Saint Joseph de Copertino

Saint Joseph de CopertinoJoseph Desa est né en 1603 à Copertino dans les Pouilles (Italie) dans une famille pauvre où il reçut une éducation religieuse de sa mère qui était tertiaire de saint François. Maladroit, d'esprit lent, il voulait néanmoins devenir fils de saint François. Les Capucins n'en veulent pas. Les franciscains l'accueillent mais comme garçon d'écurie. Ils finissent par l'admettre au sacerdoce quand ils découvrent sa richesse spirituelle et humaine. Porteur de dons mystiques étonnants, il attire les foules: miracles, extases, lévitations. L'Inquisition se méfie et ordonne à plusieurs reprises de le mettre à l'écart. Saint Joseph accepte ces mesures avec une grande simplicité et une profonde humilité, sans jamais se plaindre. Il meurt en 1663.
"Ce n’est pas en paradis que se fabriquent les saints. C’est sur terre." (saint Joseph de Copertino).

Saint Ferréol, martyr

Lors d’une persécution, peut-être celle de Dioclétien, Ferréol, tribun militaire en garnison à Vienne, refusa de sacrifier aux dieux. Mis en prison, il réussit à s’échapper, mais il fut de nouveau arrêté au moment où il allait franchir la Gère, au nord de la ville. Il fut décapité sur place aussitôt, vers 304.

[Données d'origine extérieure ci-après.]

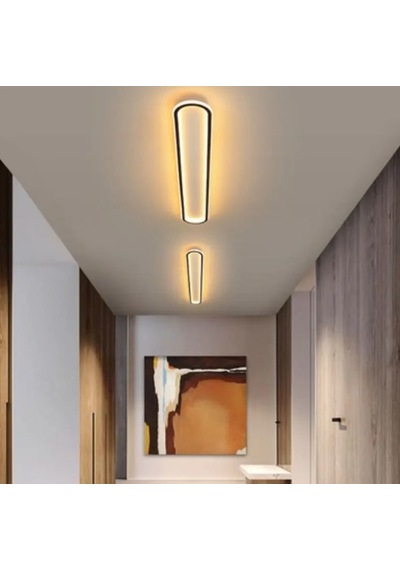 Siyah 60x16 cm Oval Avize 3000K Sarı Işık Led Tavan Lambası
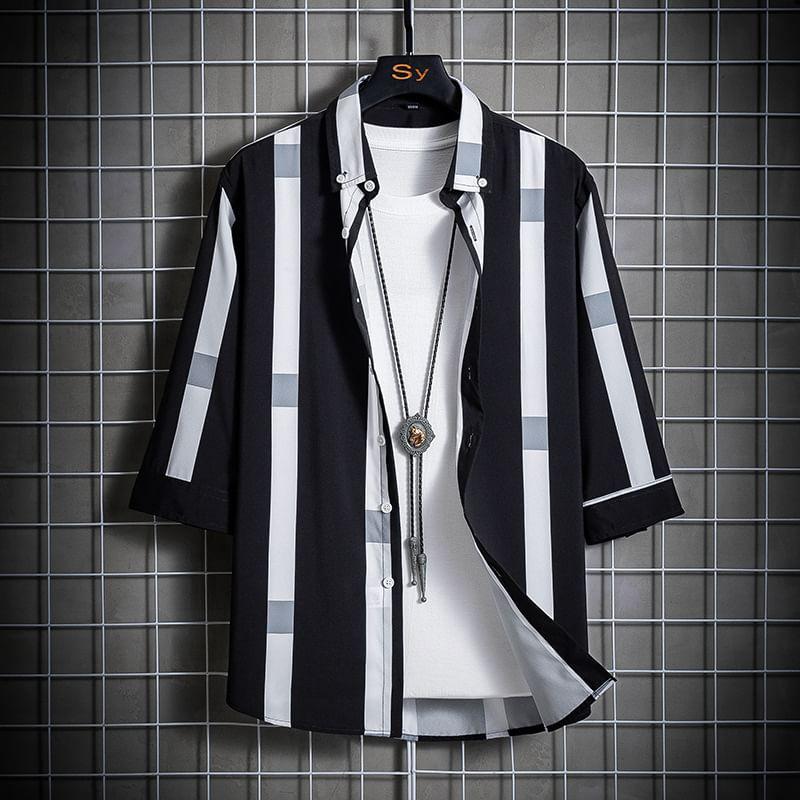 Elbow Sleeve Collared Striped Shirt Product Image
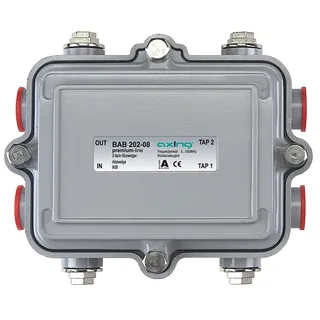Axing BAB202-08 Abzweiger, 2-fach, 8 dB, 5-1006 MHz, 5/8 Zoll-Anschlüsse, IP55, Richtkoppler BAB20208 BAB 202-08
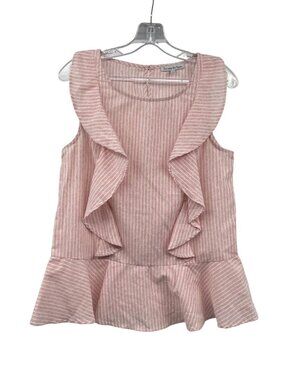See And Be Seen Womens Peplum Top Ruffle Sleeveless Pink/White Stripe Size Small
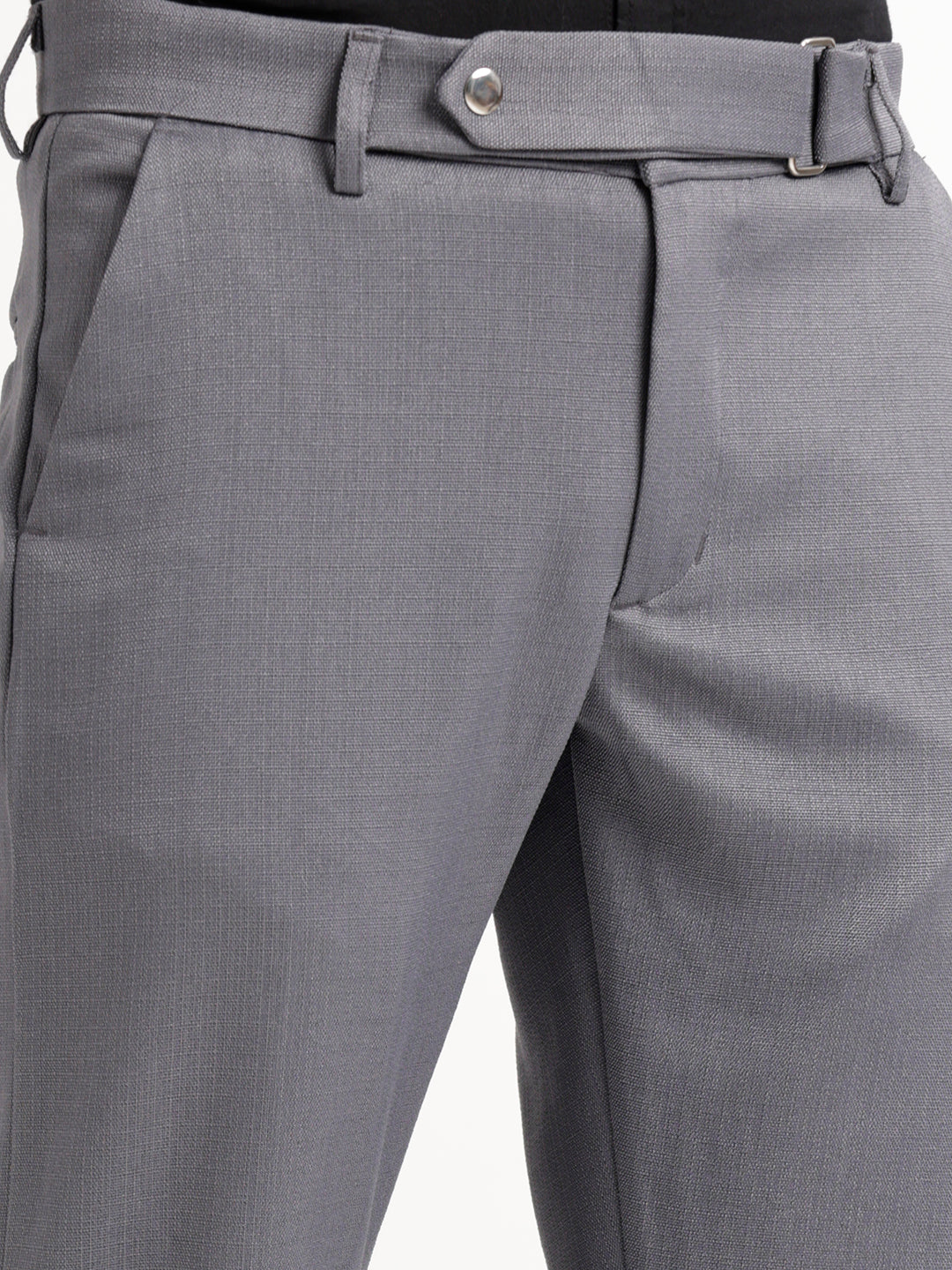 Textured White Slim Fit Trousers Grey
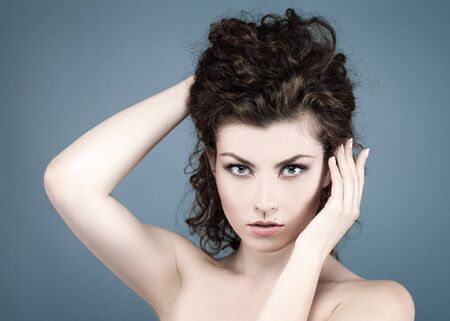 Stylish fashionable female portrait with copy space for your designの写真素材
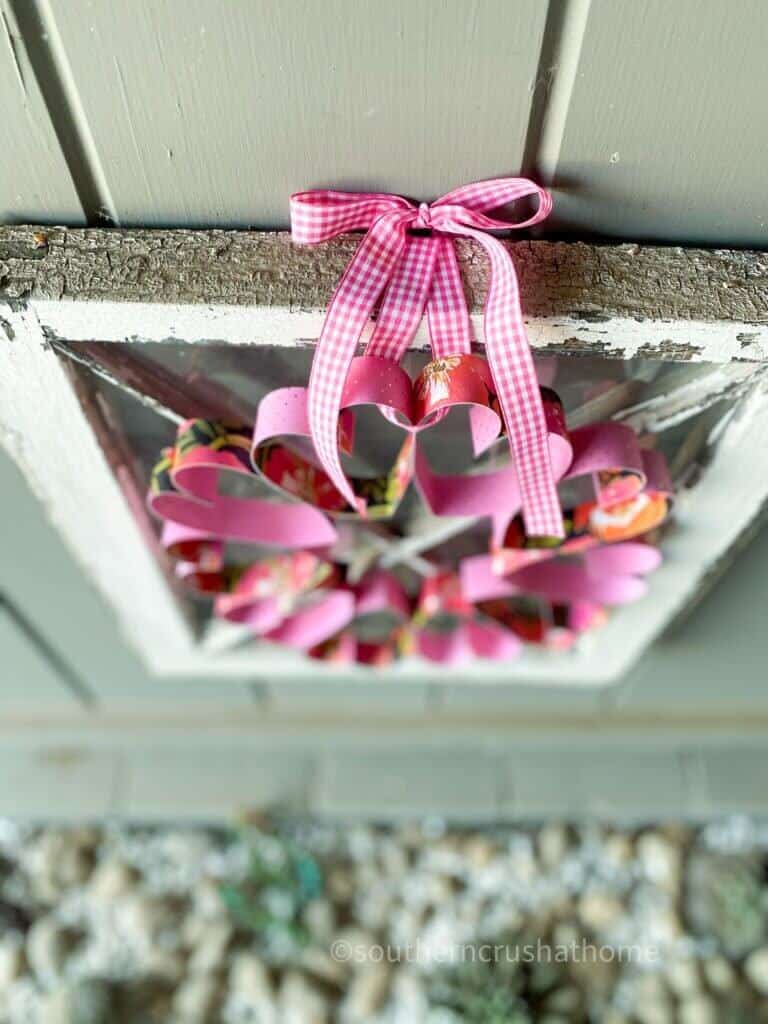 overhead paper heart wreath hanging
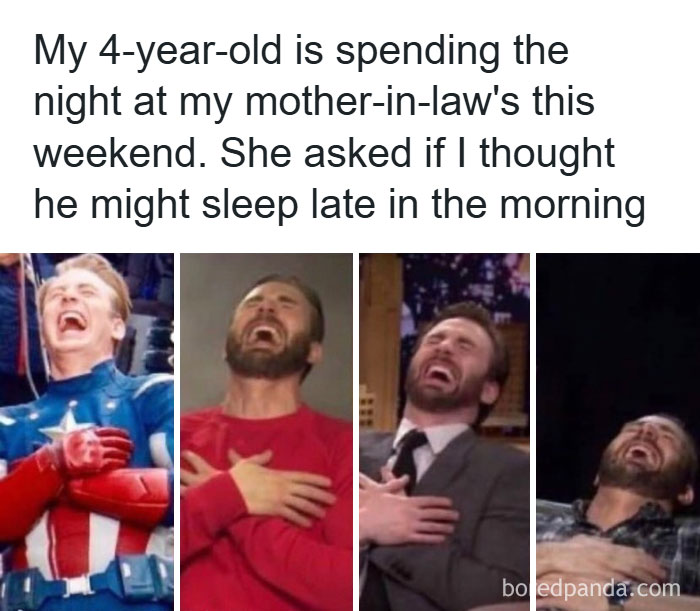 Parenting meme showing four images of men laughing at comment about 4-year-old sleeping late at mother-in-law's house.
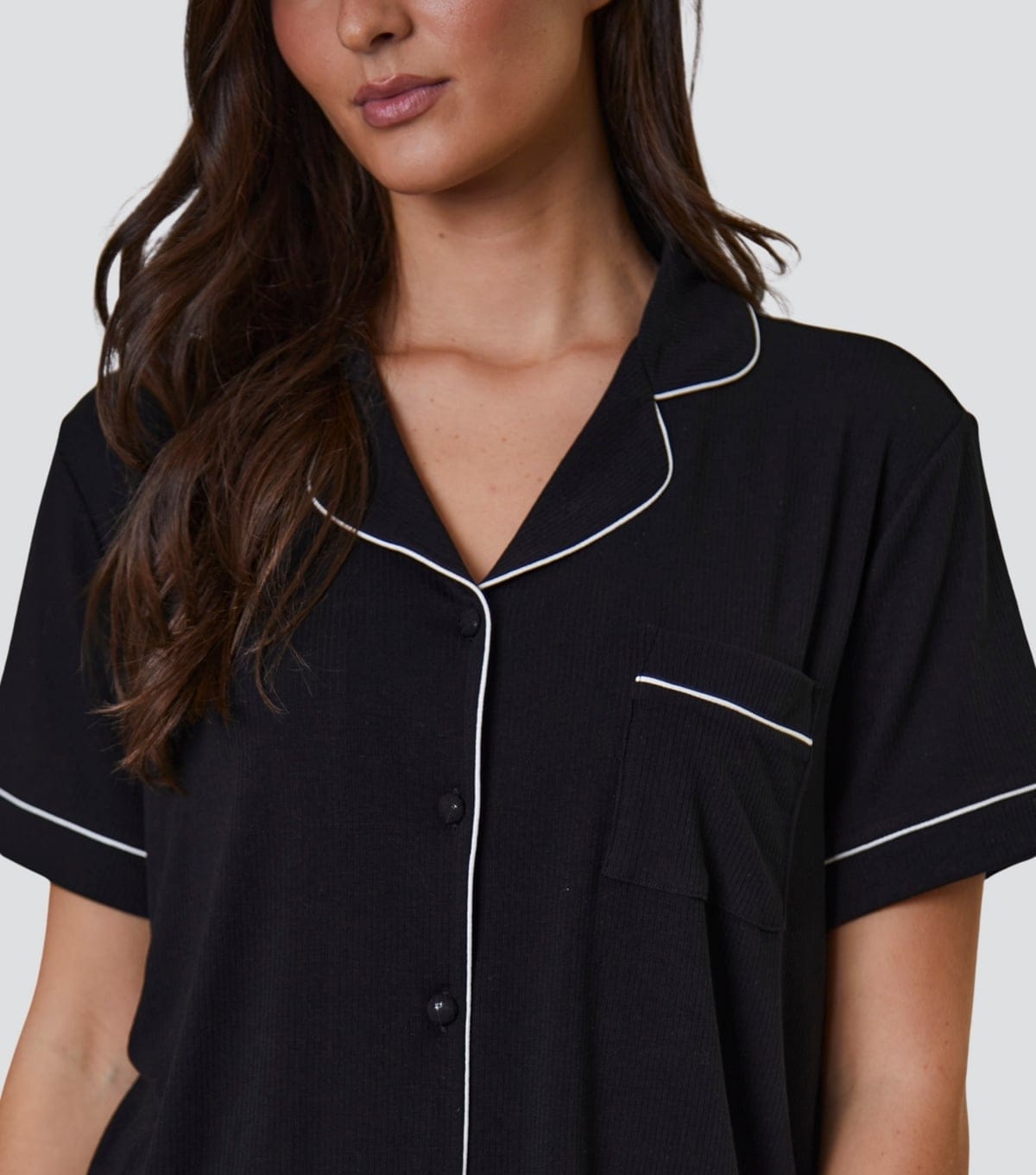 Loungeable Women's Black Ribbed Shirt and Shorts Pyjama Set Loungeable New Look - 4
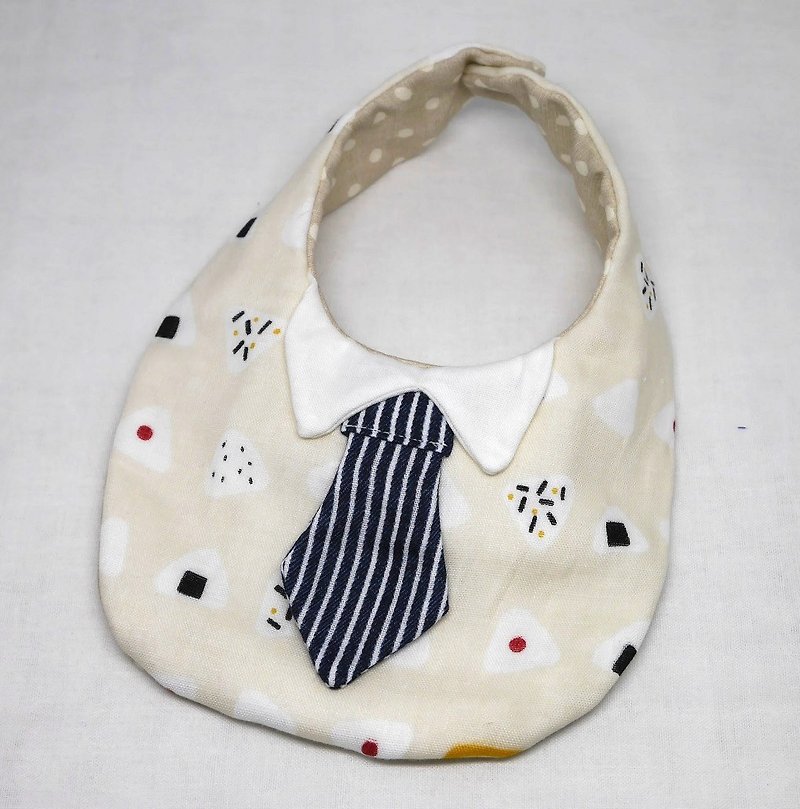 Japanese Handmade 8-layer-gauze Baby Bib / with tie - スタイ - コットン・麻 ホワイト
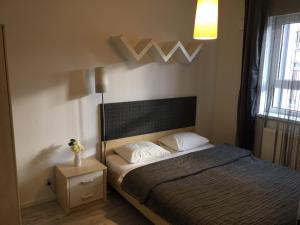 Un dormitorio con una cama y una lámpara y una ventana. en Apartament Stanczyka 2, en Varsovia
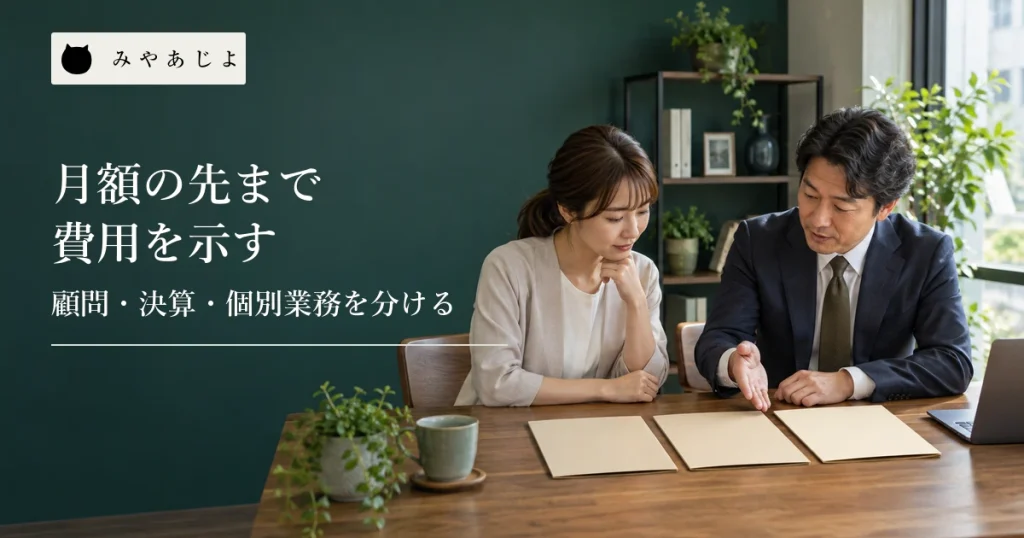 白紙の三つの資料を並べて業務範囲を確認する会計事務所の相談風景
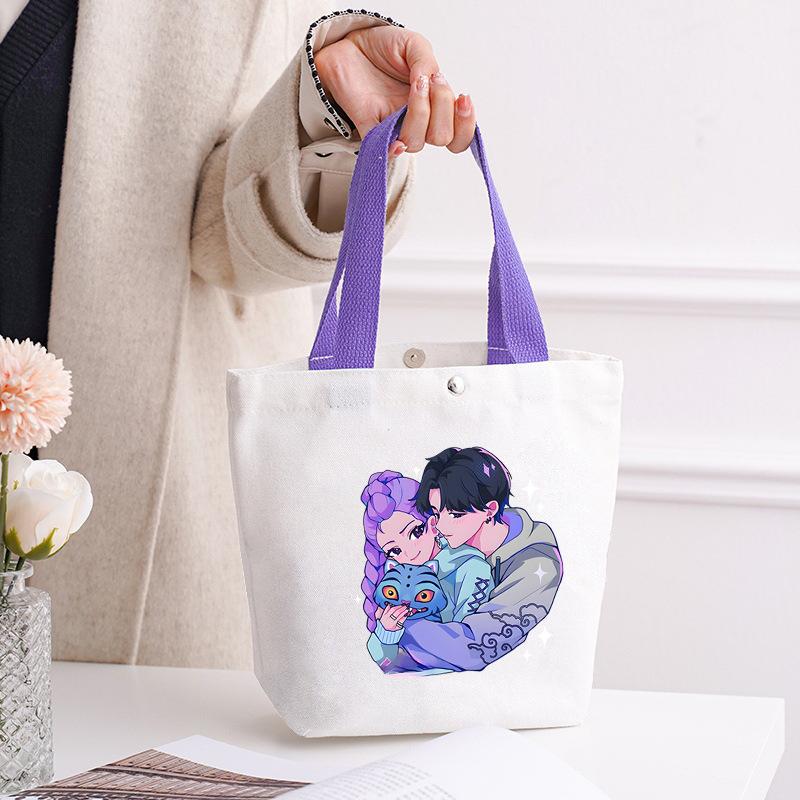 Canvas Bag Kpop Peripheral Cute Portable Cartoon Canvas Bag Student Leisure Shoulder Bag Shopping Bag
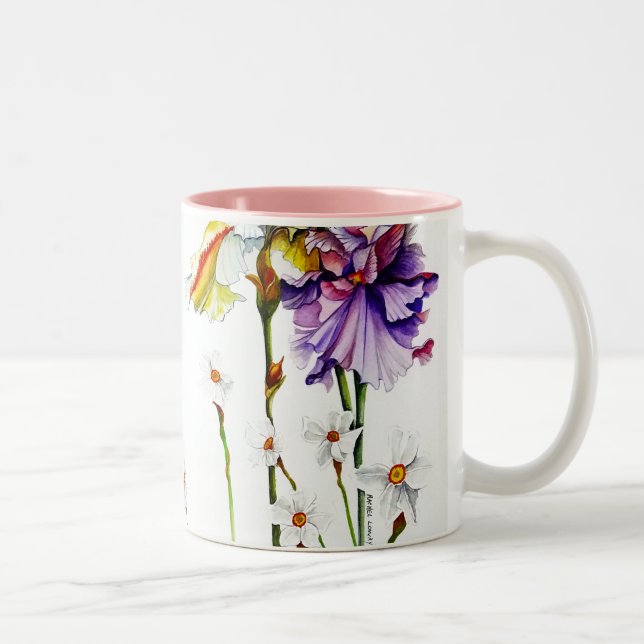 Caneca De Café Em Dois Tons Flores para Rona Coffee Mug (Direita)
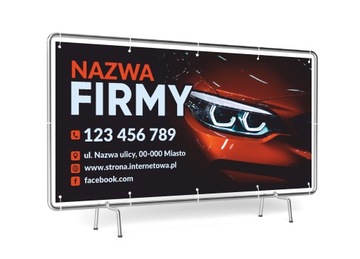 BANER REKLAMOWY 1x2m WARSZTAT SAMOCHODOWY SZABLONY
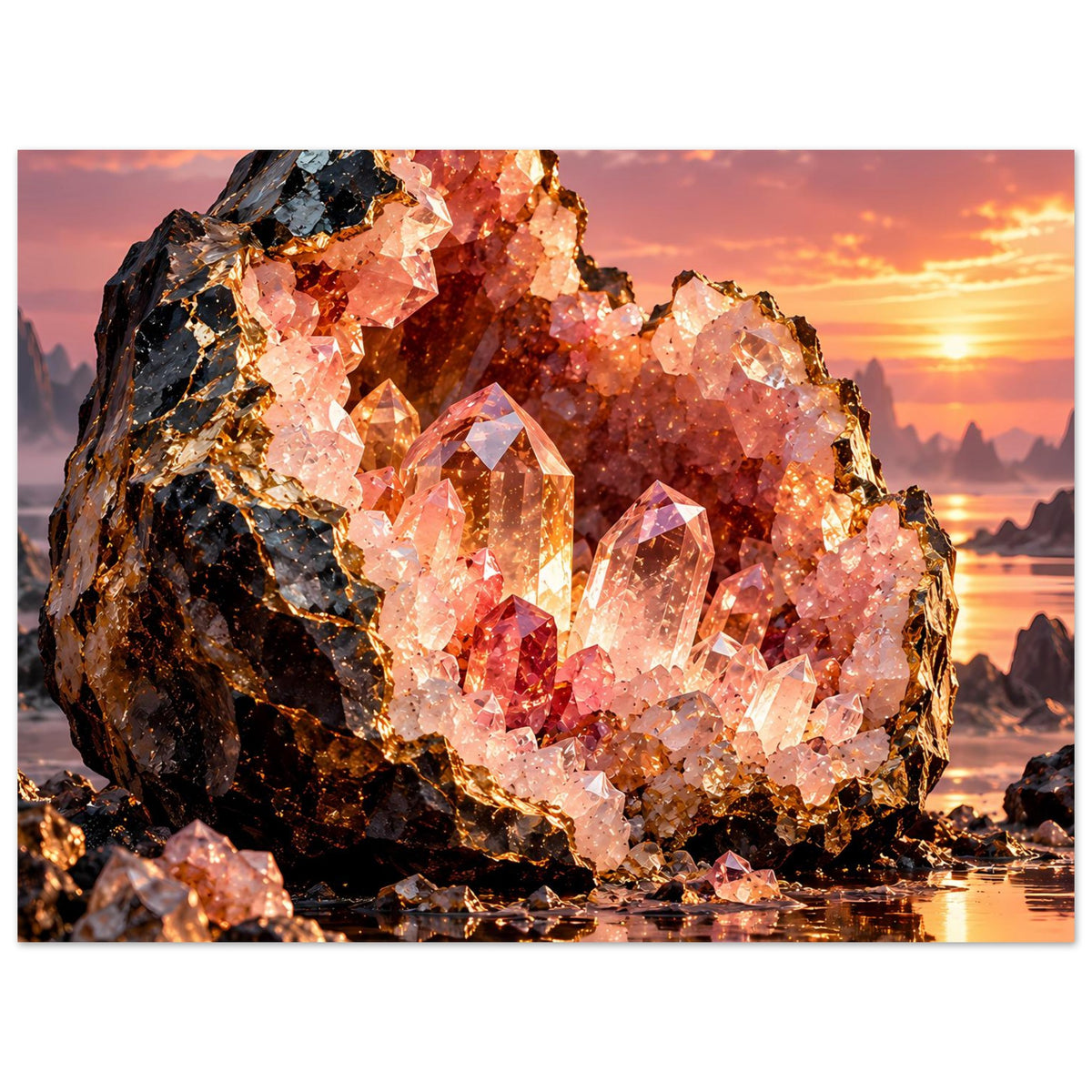 Poster mit großer Kristallgeode, goldene Reflexe und rosa funkelnde Kristalle auf schwarzem Fels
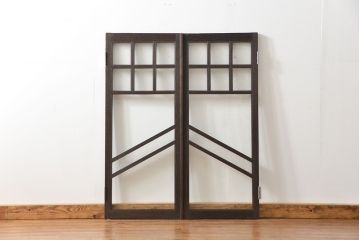 アンティーク 喫茶店のモダンデザイン両開き窓1対(4)(観音開き窓、ガラス戸、建具)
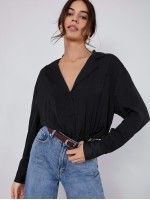 Button Front Drop Shoulder Blouse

Saint Dominique Trach Doai, martyr

Prêtre et dominicain du Tonkin - aujourd'hui, Viêt-Nam -, le père Dominique Trach avait le caractère trempé par l'épreuve de la maladie et des mauvais traitements, sous la persécution déchaînée par l'empereur Minh Mang (1820-1841). Dès 1833, un édit stipulait : "Nous voulons que les mandarins examinent avec soin si les chrétiens qui se trouvent sur leur territoire se préparent à obéir à nos ordres et qu'ils les contraignent à fouler aux pieds la croix, en leur présence. Après quoi ils leur feront grâce cette fois. Quant aux maisons du culte et aux habitations des prêtres, ils devront veiller à ce qu'elles soient complètement rasées. Si dorénavant l'un de nos sujets est reconnu coupable de confesser ces doctrines abominables, il sera puni avec la dernière rigueur afin de détruire à sa racine la religion perverse." A la fin de 1838, l'empereur publia un dernier édit où il donnait un délai d'un an aux chrétiens pour apostasier. La persécution gagna le Tonkin, jusque-là relativement épargné. Lorsque vint l'heure du témoignage suprême, le père Dominique préféra mourir plutôt que de piétiner la croix : il fut décapité à Nam Dinh en 1843.      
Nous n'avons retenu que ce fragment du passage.